Bopping over to Etsy, I found a righteously extensive selection of reasonably-priced “decision-making” coins, but I was eventually able to narrow it down to three options. With all three listings open in my browser, I pulled a card for each one.
My thinking was that since the coin would be used to facilitate communication with the spirits of the deck, the deck itself should pick the coin it liked the best. And the cards themselves were clear enough to immediately identify a preference.
Option 1: Burial Ground – Something to be left in the past. Okay, then. We’re moving away from this one.
Option 2: Cat – Wait until the right opportunity. Definitely not a go-ahead in this situation.
Option 3: Toad – Familiar of Witches; Fortune reveals itself. Ding ding ding. We have a winner.
With the deck’s blessing, I went ahead and made the purchase, and the coin should arrive within the next week or so.
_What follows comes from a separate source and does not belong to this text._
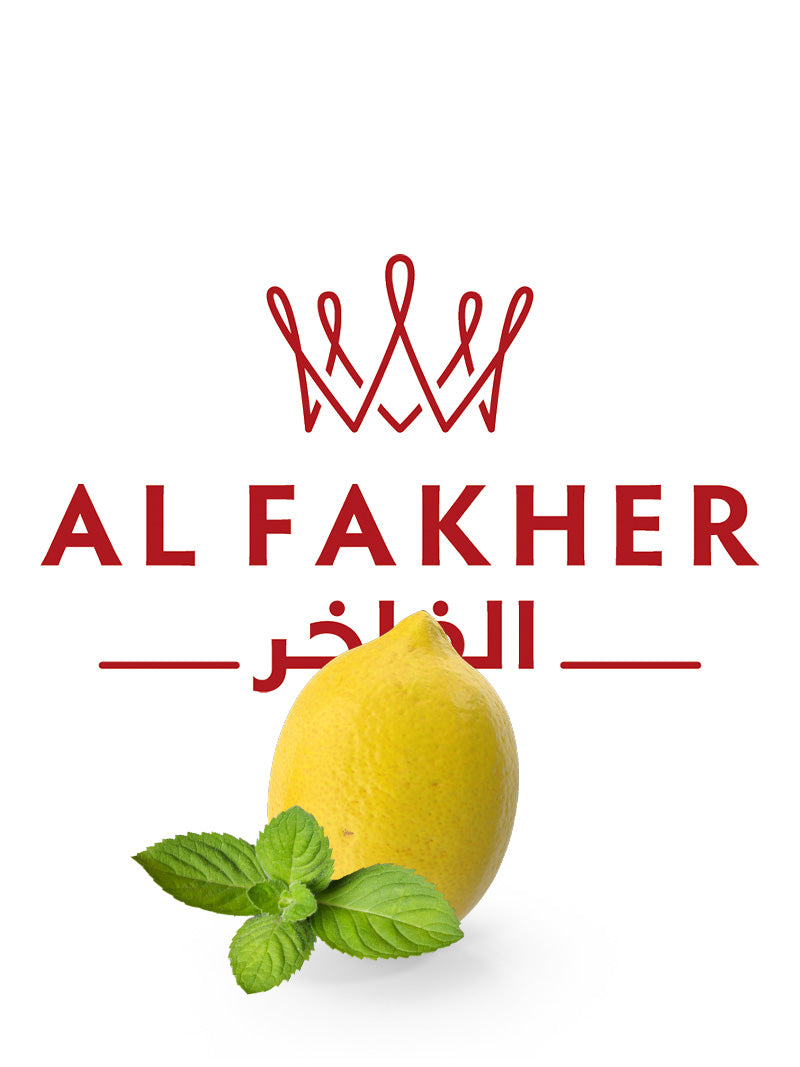 Lemon with Mint (11) Flavour Al Fakher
And I am buoyant about that.
And in keeping with the hazy shade of Witchcraft, here’s the coin the deck picked:
I sent this pic to Tempest, who was like, “On brand,” which made me feel like I was on track with the work I’m doing. So that was pretty cool. And I appreciate that a deck without good/evil connotations picked a good/evil coin, and that either side of the coin could mean yes or no, depending on the situation and the question asked.
But what I really love is that the coin will create new grids through which to view the cards, and that it will reinforce the illusory natures of Light and Dark in general.
Will “Stay Evil” lead to happy endings? Will “Be Good” have me breaking laws and furniture? We’ll just have to wait and see. But every flip of coin and card will be a little taste of metaphysical reality, and that in itself will be enough to keep me contentedly in the gray.